BEGIN Data supplied
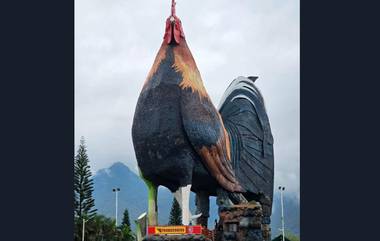 Chicken Shaped Hotel: ১১৪ ফুট লম্বা মুরগির আকারে তৈরি এই জিনিসটি আসলে কী জানেন? যার নাম উঠল গিনেস বুকে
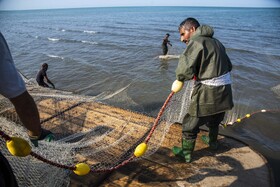 صید ماهی به روش پره _ساحل گهرباران ساری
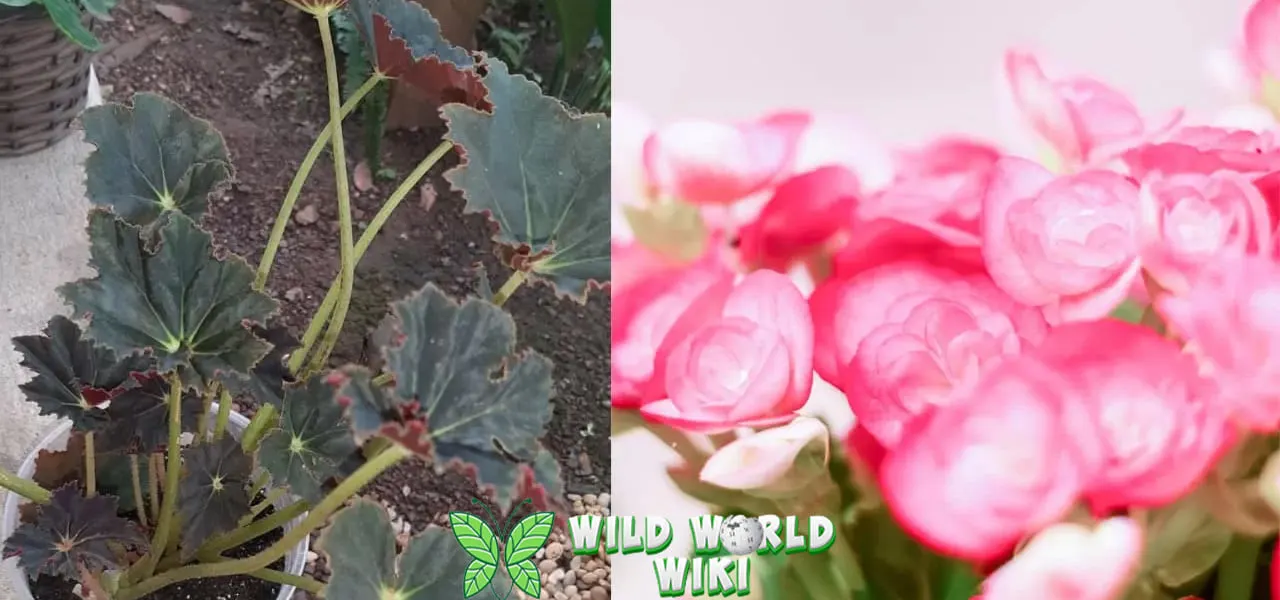 Begonia Bunga Cantik 1.800 Jenis di Dunia 1 Begonia Bunga Cantik 1.800 Jenis di Dunia
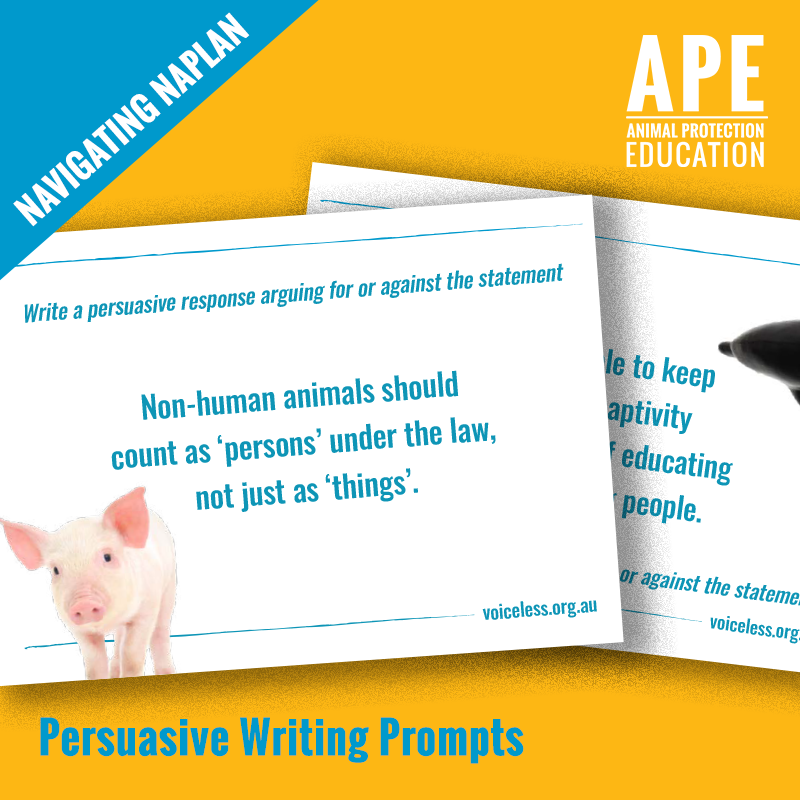 Worksheet Navigating NAPLAN Persuasive Writing Prompts — EducationHQ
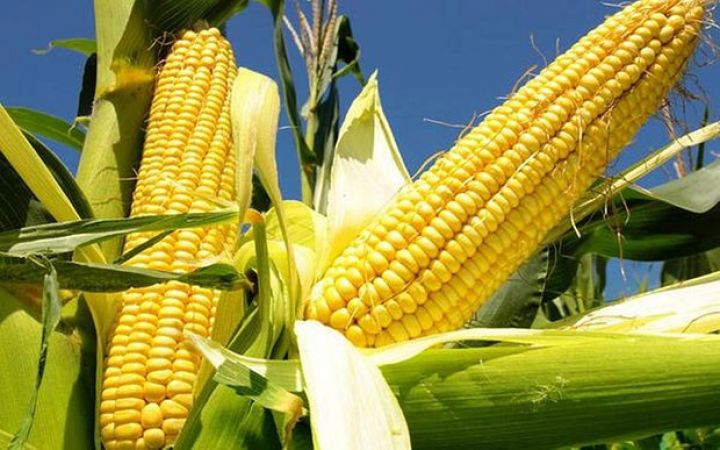 Azərbaycanda qarğıdalı və şəkərə tələbi artıracaq böyük layihə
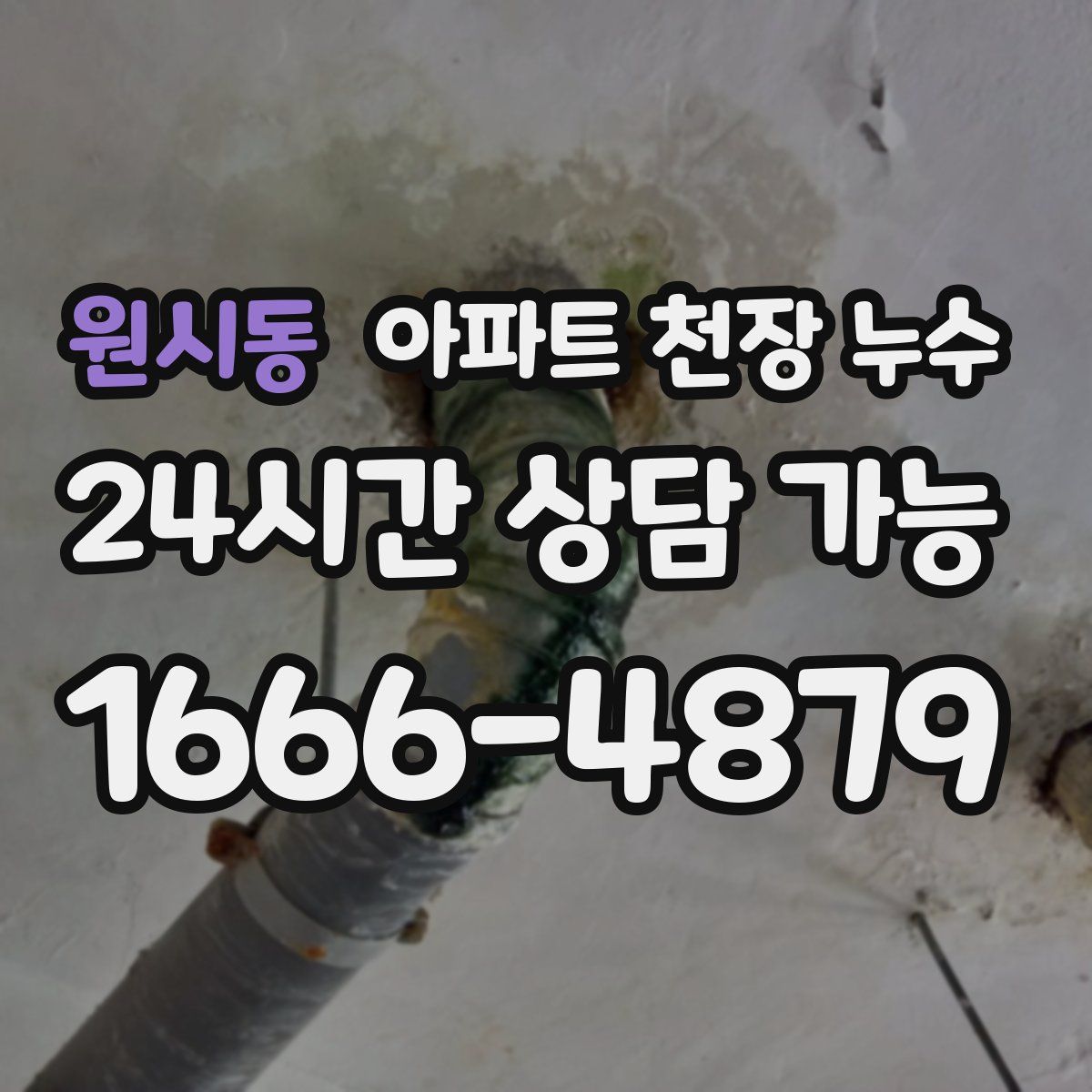 원시동 아파트 천장 누수
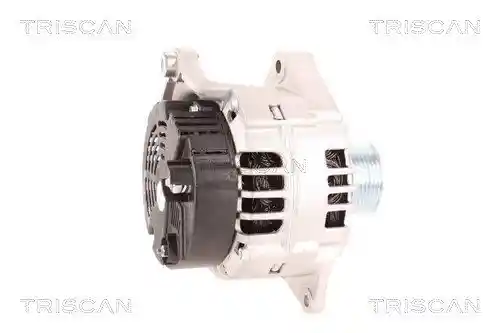 TRISCAN 8310 10185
END Data supplied
Please print out the entries above exactly. The pictures stay out.

> **Solution for this problem**:
 Chicken Shaped Hotel: ১১৪ ফুট লম্বা মুরগির আকারে তৈরি এই জিনিসটি আসলে কী জানেন? যার নাম উঠল গিনেস বুকে
 صید ماهی به روش پره _ساحل گهرباران ساری
 Begonia Bunga Cantik 1.800 Jenis di Dunia 1 Begonia Bunga Cantik 1.800 Jenis di Dunia
 Worksheet Navigating NAPLAN Persuasive Writing Prompts — EducationHQ
 Azərbaycanda qarğıdalı və şəkərə tələbi artıracaq böyük layihə
 원시동 아파트 천장 누수
 TRISCAN 8310 10185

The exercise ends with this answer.